A Multi-Layer K-means Approach for Multi-Sensor Data Pattern Recognition in Multi-Target Localization
Silva, Samuel, Suresh, Rengan, Tao, Feng, Votion, Johnathan, Cao, Yongcan
Multi-target tracking (MTT) is focused on the accurate detection and localization for multiple dynamic targets when measurements from these targets often come from numerous spatially distributed sensors. Obtaining the locations of the targets can be complex when sensors have limited sensing capabilities. Due to the potential applications of MTT, MTT can be dated back to 1960's initially related to aerospace applications [1]. The theoretical advances in MTT, new sensor capabilities, and more computational power have made it possible to apply MTT in numerous applications such as surveillance [2], [3], computer vision [4], [5], network and computer security [6] and sensor network [7]. In general, solving the MTT problem involves three tasks: (i) Extraction - extract target related information from the raw data acquired from the sensors; (ii) Data association - identify each target's corresponding measurements; and, (iii) Estimation - estimate the position of targets via single target tracking techniques (as shown [8]-[10]).
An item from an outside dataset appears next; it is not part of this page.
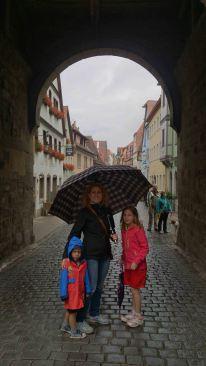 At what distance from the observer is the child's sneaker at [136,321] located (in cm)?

Perhaps the most challenging task is to conduct data association because if data associated with each target is determined, it becomes much easier to conduct estimation for each individual target. In this paper, our focus is also on the data association problem. The main objective of this paper is to investigate the applicability of machine learning algorithms for the data association problem and then develop a new multi-layer learning algorithm by leveraging the advantages of different machine learning algorithms.
May-30-2017
- Country:
- North America > United States > Texas > Bexar County > San Antonio (0.14)
- Genre:
- Research Report (0.40)
- Industry:
- Aerospace & Defense (0.54)
- Government (0.46)
- Information Technology > Security & Privacy (0.54)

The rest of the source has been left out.